_DIRECTIONS_.
From the line containing "Handmade Area Rug" to the line containing "APPLE MODEL BÜYÜK" in the entries below, reproduce every line exactly, ends included. Nothing else belongs in the copy, and no pictures.

_DATA_.
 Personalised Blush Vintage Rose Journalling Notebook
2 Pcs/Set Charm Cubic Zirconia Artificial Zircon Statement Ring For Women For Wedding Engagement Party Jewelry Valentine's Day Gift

---

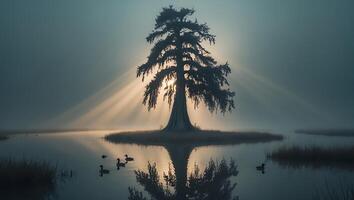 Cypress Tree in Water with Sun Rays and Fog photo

==

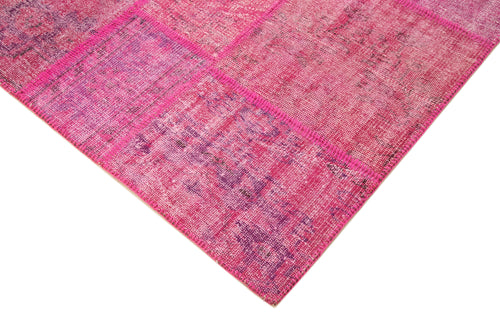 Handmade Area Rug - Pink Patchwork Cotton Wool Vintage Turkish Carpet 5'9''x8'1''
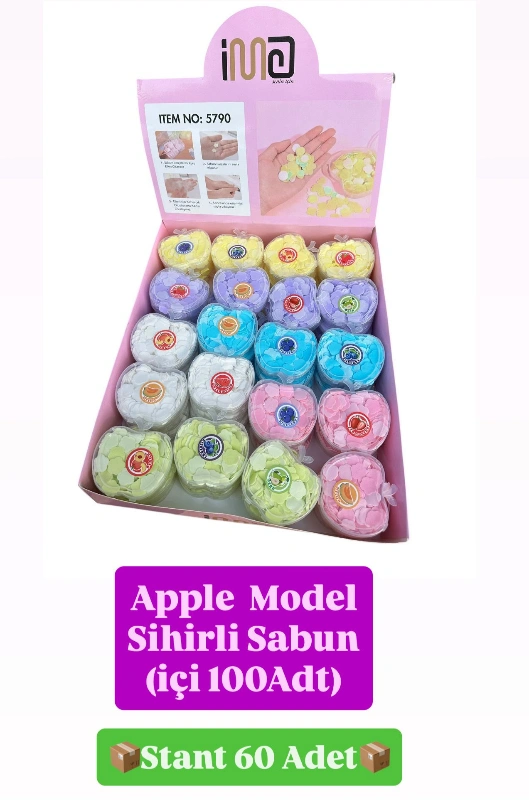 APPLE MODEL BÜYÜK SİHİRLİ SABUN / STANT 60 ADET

_EXPECTED ANSWER_.
 Handmade Area Rug - Pink Patchwork Cotton Wool Vintage Turkish Carpet 5'9''x8'1''
 APPLE MODEL BÜYÜK SİHİRLİ SABUN / STANT 60 ADET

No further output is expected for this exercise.